In Abarca Mitchell's 30s, after a performing career that took her from DTH to the film version of The Wiz to Bob Fosse's Dancin' and beyond, her husband's job took their family to Atlanta. She soon connected with Gilreath and Waverly Lucas. The couple, also DTH alumni, were influenced by Arthur Mitchell's model when they founded Ballethnic, seeking to create access for dancers of all backgrounds to develop as classical dancers and perform a repertoire that represents the company's culturally diverse home city. Over time, Abarca Mitchell became a trusted advisor.

Abarca Mitchell goes in at least twice a year to coach Ballethnic's productions—such as Urban Nutcracker, set in Atlanta's historically Black Sweet Auburn neighborhood, and The Leopard Tale, which features the company's signature blend of classical pointe work with polyrhythmic dance forms of the African diaspora. These final rehearsals give Abarca Mitchell a way to fast-track the transfer of her mentor's values.

Two dancers in blue and black practice clothes and face masks, the woman in pointe shoes, pose together in a first arabesque tendu. Abarca Mitchell steps out of a mirrored pose as she adjusts the fingertips of the male dancer.

Lydia Abarca Mitchell works with Ballethnic's Calvin Gentry and Karla Tyson.

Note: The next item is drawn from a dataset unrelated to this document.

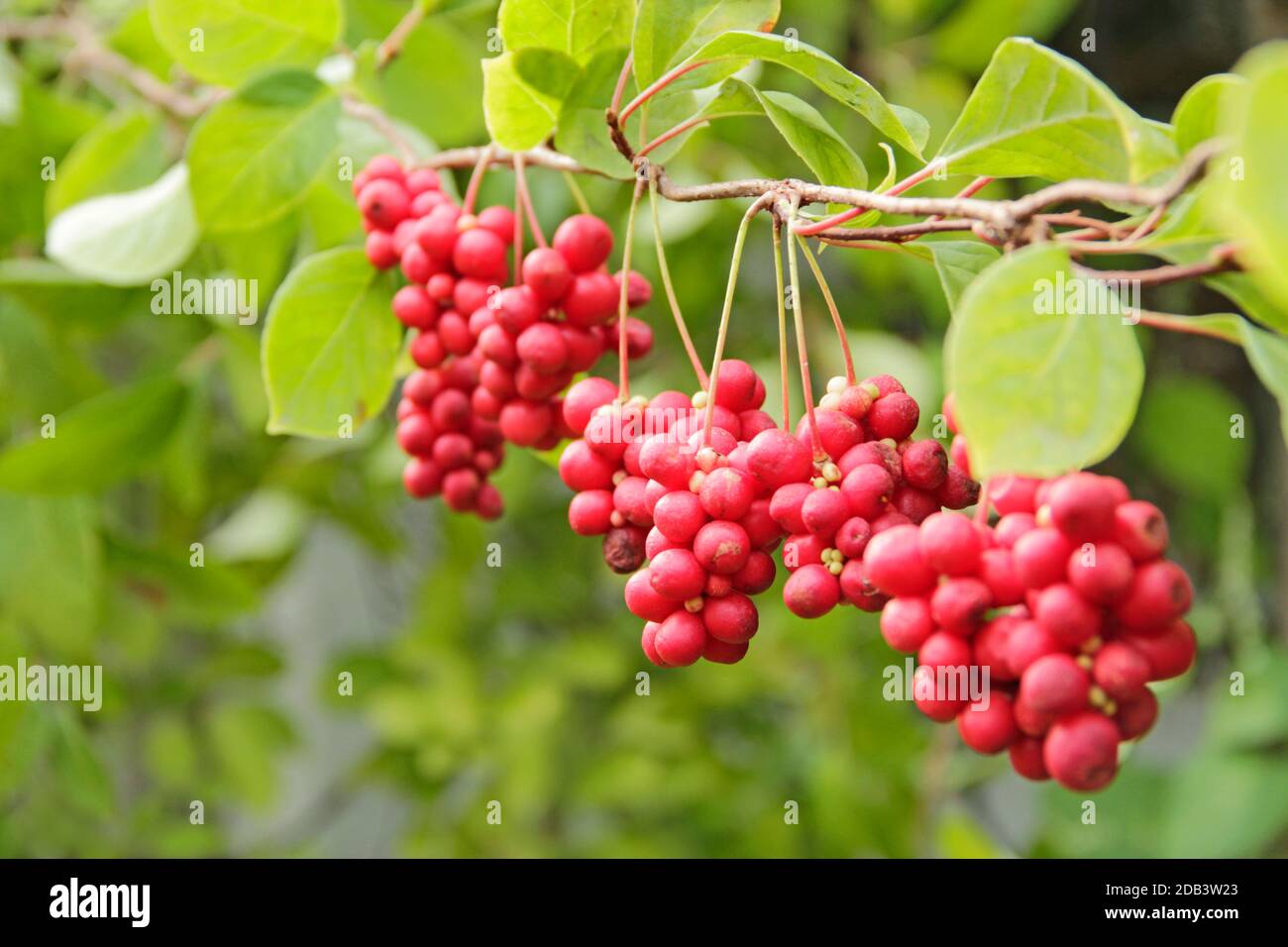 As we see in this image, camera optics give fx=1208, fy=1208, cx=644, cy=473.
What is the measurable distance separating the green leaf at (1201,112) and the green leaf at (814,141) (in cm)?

Courtesy Ballethnic Dance Company

She recalls that Arthur Mitchell taught his dancers to present themselves at their finest—to enter a room with their heads held high and shoulders back—and to dress, speak and walk with dignity and self-respect. He reminded them that they were pioneers and ambassadors for Blacks in ballet. As the company gained international stature—Abarca Mitchell was the first Black female ballerina to appear on the cover of Dance Magazine, in 1975—he insisted the dancers remain humble and in service to the greater mission. But he was also a taskmaster. "No nonsense, no excuses," Abarca Mitchell says. "There was no slack. If he was rehearsing something that you're not in, you'd better be on the side learning it."

"He didn't throw compliments around at all. You had to really kill yourself to get a smile from him." After a run-through, she says, "you didn't want to be singled out."

Abarca Mitchell takes a slightly different approach, though she doesn't compromise on the values her mentor instilled. When coaching large casts of all ages and different levels for Ballethnic, she has found ways to inspire people without tearing them down. She calls it a "tough love" approach.

"I've got to make them want to do it. I don't want to beat them into doing it," Abarca Mitchell says. "I tell them, 'You're here because you want to be, and because you auditioned and were accepted. Now, show me why I should keep you here.'"

"I tell them, 'I'm here to make sure you'll look good—you know: 'That looks fake. Let's make it look real. Think about what you're doing, so that it's not just a gesture.'"

Arthur Mitchell instilled this level of emotional honesty in his dancers, and it was key to the company's quick success. "We were bringing a thought forward," says Abarca Mitchell. "We were bringing a feeling forward, so that the audience could connect with us."

In addition to her position as rehearsal director for Ballethnic, Abarca Mitchell is today part of 152nd Street Black Ballet Legacy, a group of DTH alumni who seek to give voice to people responsible for the company's success in its early years. "It's incredible," she says, "how many people took something from DTH and applied it to their lives."

As Ballethnic prepares to co-host the International Association of Blacks in Dance Conference and Festival in January 2022, Abarca Mitchell hopes to help strengthen the network of dance companies associated with Ballethnic, such as Memphis' Collage Dance Collective. "The dream is for all of us to collaborate with each other," she says, "so that it becomes more normal to see a Black ballerina, so it's not just a token appearance."

Today's young dancers face different challenges from what Abarca Mitchell faced. She finds that they're more easily distracted, and sometimes act entitled, because they don't know or appreciate how hard earlier Black ballerinas like herself worked to clear a path for them. But what she's passing on will benefit them, whether they choose to pursue dance careers or become doctors, lawyers, professors or something else entirely. "The principles are the same," she says. "Work for what you want, and you will achieve it."